Different batch size causes accuracy drop

Hi all,

i trained my module (mainly conv1d + dropout + BN) with batch size of 8.

In the evaluation, i activated model.eval(). I met a massive accuracy drop and thus i follow the post here: Performance highly degraded when eval() is activated in the test phase - #71 by Yuxuan_Xue, which solves the issue when i set the batch size to 1. More specifically, my model performs well when the running stats of batch norm are manually set in evaluation mode.

  def set_batch_norm_running_stats(module):
      for m in module.modules():
          for child in m.children():
              if type(child) == nn.BatchNorm2d or type(child) == nn.BatchNorm1d:
                  child.track_running_stats = False
                  child.running_mean = None
                  child.running_var = None

currently, i meet an issue: i can only use batch size of 1. If i use a higher batch size (e.g. 2, 4, or 8), the model again has massive accuracy drop.

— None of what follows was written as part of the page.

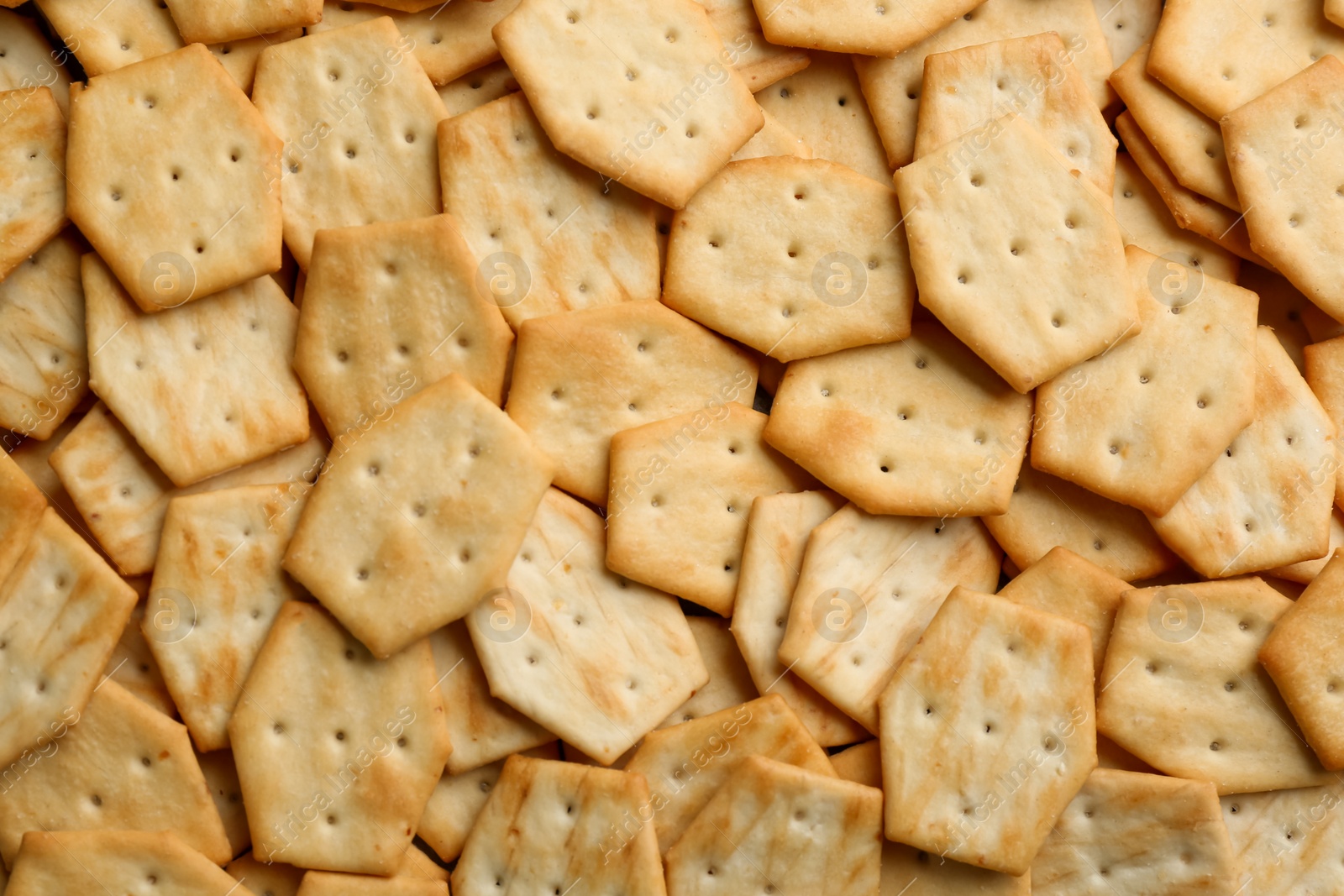 Photo of Many delicious crackers as background, top view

Also one weird thing is that i have two modules containing batch normalization. I did the ablation study (set each module with set_batch_norm_running_stats function separately and do evaluation). However, only one module is affected. Another module is not affected and doesn’t need to be set the running stats manually to perform normally.

I am really confused now and really appreciate for any suggestions and discussion.